→ Aim of the task
What you return should be each line of the data containing the string "Black".

→ The input
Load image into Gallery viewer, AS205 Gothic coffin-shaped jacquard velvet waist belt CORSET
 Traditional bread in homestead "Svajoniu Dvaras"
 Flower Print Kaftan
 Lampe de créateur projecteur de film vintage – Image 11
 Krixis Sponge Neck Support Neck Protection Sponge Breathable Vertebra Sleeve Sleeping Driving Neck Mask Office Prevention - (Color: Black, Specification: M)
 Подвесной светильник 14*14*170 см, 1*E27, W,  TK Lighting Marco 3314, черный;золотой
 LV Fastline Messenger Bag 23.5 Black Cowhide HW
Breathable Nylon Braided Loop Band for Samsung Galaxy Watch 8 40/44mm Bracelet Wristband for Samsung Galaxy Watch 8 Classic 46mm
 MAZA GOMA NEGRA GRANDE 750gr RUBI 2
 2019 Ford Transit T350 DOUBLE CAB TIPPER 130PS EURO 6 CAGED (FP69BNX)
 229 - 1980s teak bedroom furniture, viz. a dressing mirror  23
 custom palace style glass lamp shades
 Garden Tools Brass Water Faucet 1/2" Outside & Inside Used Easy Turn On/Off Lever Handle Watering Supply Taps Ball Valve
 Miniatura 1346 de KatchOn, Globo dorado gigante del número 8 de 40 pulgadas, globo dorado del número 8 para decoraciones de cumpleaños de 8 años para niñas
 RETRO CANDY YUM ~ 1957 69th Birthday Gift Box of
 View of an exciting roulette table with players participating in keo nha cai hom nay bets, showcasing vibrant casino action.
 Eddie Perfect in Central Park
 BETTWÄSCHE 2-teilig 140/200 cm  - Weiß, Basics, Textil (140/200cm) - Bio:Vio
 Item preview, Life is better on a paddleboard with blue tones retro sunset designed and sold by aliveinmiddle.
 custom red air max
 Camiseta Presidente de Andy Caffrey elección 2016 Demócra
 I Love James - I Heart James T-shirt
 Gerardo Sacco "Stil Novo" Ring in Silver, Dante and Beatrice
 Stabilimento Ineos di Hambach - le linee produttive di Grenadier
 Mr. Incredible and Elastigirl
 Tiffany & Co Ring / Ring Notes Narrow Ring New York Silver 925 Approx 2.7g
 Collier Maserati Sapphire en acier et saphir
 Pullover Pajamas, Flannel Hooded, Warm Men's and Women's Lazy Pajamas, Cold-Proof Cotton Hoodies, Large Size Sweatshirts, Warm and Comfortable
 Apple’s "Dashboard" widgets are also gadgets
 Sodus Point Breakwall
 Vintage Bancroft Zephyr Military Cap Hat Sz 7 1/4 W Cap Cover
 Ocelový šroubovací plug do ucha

→ Completed task
 Krixis Sponge Neck Support Neck Protection Sponge Breathable Vertebra Sleeve Sleeping Driving Neck Mask Office Prevention - (Color: Black, Specification: M)
 LV Fastline Messenger Bag 23.5 Black Cowhide HW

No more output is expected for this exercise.